Panaji: Children are most vulnerable to sexual predators on social media platforms, beaches, and even yoga centres in Goa, a study has revealed.
The study ‘Sale and Sexual Exploitation of Children in the Context of Travel and Tourism in Goa’ claimed that the state’s free and easy-going image had influenced the state’s infamy as the sex capital of India and therefore made minors vulnerable to sexual exploitation.
“Hotels/lodges and rented homes provide such tourists with easy access to children. It is impossible for the authorities to monitor such places. Goa is a popular yoga destination.
These places have made children vulnerable. Spas and massage parlours and casinos are openly supplying children,” said the study authored by Dr Ranjana Ferrao, a professor at the VM Salgaocar College of Law in Panaji.
The study published in the latest edition of ‘Journal of Victimology and Victim Justice’ published by Sage Publications also says that social media platforms and websites were key contact points between sexual predators and unsuspecting minors.
Nearly 200 respondents were interviewed for the study.
In its observation on international child trafficking in Goa, the study said that the biggest grouping of minor victims of sexual abuse are from Bangladesh (42 per cent), followed by Thailand (28 per cent), Nepal (25.5 per cent) and Uzbekistan (16 per cent).

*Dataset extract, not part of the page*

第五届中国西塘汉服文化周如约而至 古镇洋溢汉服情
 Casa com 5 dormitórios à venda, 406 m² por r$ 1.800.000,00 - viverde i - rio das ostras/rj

“The victims are provided with documents such as Aadhaar card, voting cards and marriage certificates to make them seem adults,” Ferrao said in her study.
The study pointed out that foreign paedophiles often target developing or poor countries on account of weak legal systems, but Goa’s projection as a state with an easy-going social ethos has also unfortunately earned it the infamous sobriquet as the “sex capital of India”.
“Many Indian and foreign tourists come in search of child sex in Goa. Goa is also openly advertised as a state with free and liberal values. This has made our children vulnerable,” the study added.
Incidentally, the first international paedophile ring to be busted in 1991 in India was operating out of Goa.
The study mentioned the arrest of Freddy Peats, whose orphanage in the beach village of Calangute served as a destination for sexual exploitation for foreign paedophiles, as well as the case of slain British minor girl Scarlett Keeling who was sexually assaulted and left to die at North Goa’s Anjuna beach.
Goa’s beaches, in fact, said the study, were a vulnerable zone for children.
“Children are found roaming nude or as little as with few undergarments on Goan beaches. In no other country in the world do you see children roaming unaccompanied by either a parent or guardian.
This puts children at risk,” the study states, adding that domestic tourists seek sexual favours from children for ‘as little as Rs 50 to Rs 200’ but foreigners pay more.
“Some come in contact with children who are begging in public places. Children are found working at restaurants, thus making them easy targets. The tourist may approach the child in person on the streets, the beach, in schools or centres for children.
The modus operandi adopted by the tourist is first to befriend the child through its family and relatives or through an intermediary on the beach, in hotels, guesthouses, karaoke clubs and massage parlours,” the study pointed out.